Avevo sempre voluto scrivere un libro, sin da bambina, quando guardavo con aria sognante i best seller alloggiati comodamente sugli scaffali della biblioteca pubblica, ma non avevo mai avuto nulla da raccontare. Non che la mia vita ad un certo punto avesse preso una piega chissà quanto avventurosa o romantica, ma il mio trasferimento a Cork aveva permesso al mio animo da scrittrice di mettersi in moto: l'idea della storia era subito apparsa chiara e sembrava un lavoro già completato in partenza, ma non avevo messo in conto diverse variabili, fra cui:

o I miei sbalzi d'umore abbastanza frequenti

o Le aspre critiche della mia collega di lavoro, non che la mia migliore ed unica amica, Jude Gregory (donna di età di avvicinamento alla pensione, con un passato pieno di rimpianti che ha dato luce ad un presente ricco di frustrazioni, piacevolmente scaricate su di me)

o L'alternarsi delle stagioni

o L'alternarsi degli amanti

o Avvenimenti tragici/ catastrofi

Per questo stavo modificando per l'ennesima volta il dodicesimo capitolo di questo romanzo, in cui l'eroina deve decidere se continuare a combattere al fianco della sua famiglia, nonostante la loro cattiveria e avarizia, oppure seguire il suo amato e andare contro qualsiasi regola che si conosca nel mondo magico. Conoscendomi, non avrei mai detto di essere io  l'autrice. Insomma, parla di storie d'amore, magia e Dio. Tutte cose in cui non credo. Strano, vero?

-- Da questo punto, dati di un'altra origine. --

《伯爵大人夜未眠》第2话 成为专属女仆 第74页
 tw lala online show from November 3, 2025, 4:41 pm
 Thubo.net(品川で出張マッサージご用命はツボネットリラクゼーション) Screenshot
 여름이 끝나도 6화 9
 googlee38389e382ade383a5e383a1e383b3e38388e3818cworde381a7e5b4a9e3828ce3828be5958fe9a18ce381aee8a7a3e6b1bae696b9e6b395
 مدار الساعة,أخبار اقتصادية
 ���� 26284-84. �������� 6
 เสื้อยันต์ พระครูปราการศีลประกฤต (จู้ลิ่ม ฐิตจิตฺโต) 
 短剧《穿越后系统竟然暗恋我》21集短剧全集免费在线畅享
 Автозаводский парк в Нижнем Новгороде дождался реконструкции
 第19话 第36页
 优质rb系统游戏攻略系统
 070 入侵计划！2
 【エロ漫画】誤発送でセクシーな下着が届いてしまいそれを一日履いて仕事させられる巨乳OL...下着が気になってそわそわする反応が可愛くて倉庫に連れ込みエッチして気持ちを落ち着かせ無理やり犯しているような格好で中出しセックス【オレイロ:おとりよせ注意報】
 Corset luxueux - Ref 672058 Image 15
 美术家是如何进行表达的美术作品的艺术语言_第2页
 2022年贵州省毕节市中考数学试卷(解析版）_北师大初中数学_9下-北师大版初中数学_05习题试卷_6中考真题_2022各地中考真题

Un giorno avrei voluto che Bellatrix (protagonista della mia storia) fosse una ragazza segnata dalle delusioni e dal dolore del passato, e quindi che si trasformasse in una specie di mostro senza cuore; altri giorni ero positiva e mi piaceva l'idea che lei riuscisse a superare tutti i suoi blocchi emotivi e psicologici per far trionfare l'amore e il rischio, come a dimostrare che a volte buttarsi non prevede necessariamente schiantarsi al suolo.